Lifecycle or host code performs those side effects and records their results.

## Events And Evidence

Lifecycle control should emit durable evidence distinct from normal scheduler
messages:

- `control_request_admitted`
- `control_applied`
- `scheduler_decision` or `scheduler_posture_decision`
- `current_run_aborted` when a run is aborted by stop/shutdown
- task transition events for cancelled/interrupted active tasks
- workspace occupancy release events when applicable

The event payload should include:

- action: `start` or `stop`;
- previous status;
- next status;
- boundary: `control`, `bootstrap`, `shutdown`, `lifecycle_sleep`, or
  `message_admission`;
- affected run id, task ids, workspace occupancy id, and evidence strings when
  present.

## Migration Plan

### Step 1: Document And Gate Deprecated Actions

- Add this RFC.
- Mark `Pause` and `Resume` as lifecycle concepts to remove from the primary
  operator surface.
- Accept request-facing aliases as deprecated compatibility shapes:
  `pause -> stop` and `resume -> start`.
- Return start/stop guidance in user-facing lifecycle errors and docs.
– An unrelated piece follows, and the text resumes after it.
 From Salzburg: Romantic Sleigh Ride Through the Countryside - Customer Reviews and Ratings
### Step 2: Introduce `Start` And Executor Control Entry

- Add `ControlAction::Start`.
- Implement `SchedulerDecisionExecutor::apply_control` for `Start` and `Stop`.
- Keep old action variants only as temporary parser aliases if needed.
- Add tests for stopped queue gating and start reactivation.

### Step 3: Contain Legacy `Paused`

- Stop generating `AgentStatus::Paused` from lifecycle control.
- Keep `AgentStatus::Paused` readable as a legacy persisted posture until a
  storage migration removes or rewrites old ledgers.
- Treat legacy paused agents as non-runnable in scheduler, message dispatch,
  waiting, and task posture gates.
- Replace lifecycle pause/resume tests with stopped/start tests while retaining
  narrow legacy-state coverage where persisted-state compatibility matters.
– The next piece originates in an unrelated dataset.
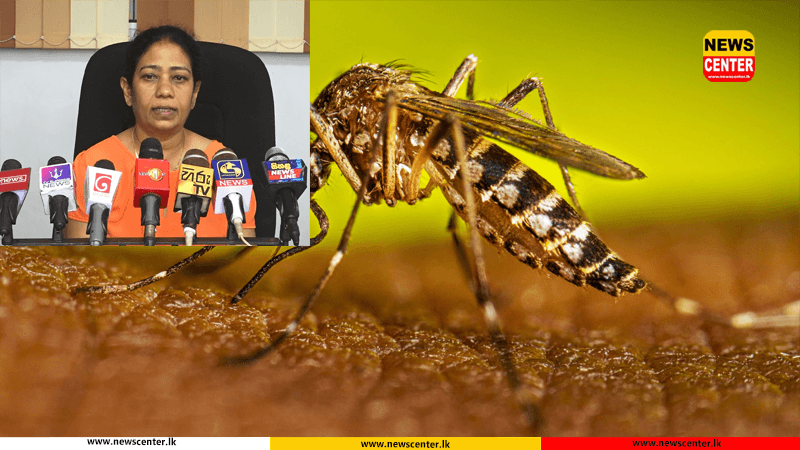  ඩෙංගු රෝගීන් 40,443 ක් දක්වා ඉහළට – ඩෙංගු මරණ 23 ක්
### Step 4: Make Stop Resource Semantics Explicit

- Abort current run on stop.
- Release workspace occupancy on stop.
- Clear sleep/wake autonomous posture on stop.
- Request cancellation or interruption for runtime-owned active tasks on stop.
- Transition runtime-owned active tasks to cancelled/interrupted according to
  task reducer rules.
- Ensure stopped agents do not emit work-queue or wake-hint system ticks.
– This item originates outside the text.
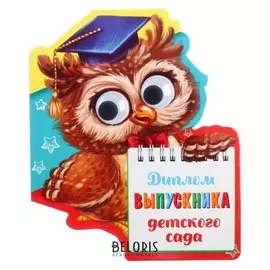 Диплом "Выпускника детского сада", сова с глазками, 14,5 х 17 см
### Step 5: Move Remaining Posture Writes Behind Executor Methods

- Bootstrap recovery uses `bootstrap_recovered`.
- Message admission wake uses `admit_message_wake`.
- Sleep transition uses `transition_to_sleep`.
- Shutdown uses `request_shutdown`.
- Lifecycle control uses `apply_control`, records `scheduler_posture_decision`
  evidence, and returns external cleanup obligations to the caller.

## Verification Plan

Add focused tests for:

- stopped agent does not dequeue queued messages;
- `Start` does not directly create a model turn;
- `Start` hands queued work to scheduler on the next run-loop decision;
- `Stop` aborts current run and records `current_run_aborted`;
- `Stop` releases workspace occupancy;
- `Stop` clears sleep/wake autonomous posture;
- `Stop` interrupts or cancels runtime-owned active tasks through the task
  reducer;
- task result arriving after stop is durable evidence but does not cause model
  reentry;
- no direct `AgentState.status = ...` writes remain outside scheduler posture
  helpers for lifecycle-controlled fields.

## Open Questions

- Should request-facing `pause` map to `stop`, or should it be rejected with a
  clear error?
- Should request-facing `resume` map to `start`, or should it be rejected with a
  clear error?
- Do externally-owned child agents need a separate stop policy from
  runtime-owned command tasks?
- Should `Start` reacquire the last active workspace immediately or only when a
  tool/execution path needs it?

## Relationship To Other RFCs

- [Runtime Scheduler Contract](./runtime-scheduler-contract.md): owns next-action
  decisions for runnable agents.
- [Agent Control Plane Model](./agent-control-plane-model.md): owns the broader
  agent-plane control and inspection surfaces.
- [Command Tool Family](./command-tool-family.md): owns per-task command control,
  including `TaskStop`.
- [Workspace Binding and Execution Roots](./workspace-binding-and-execution-roots.md):
  owns workspace binding and execution-root projection.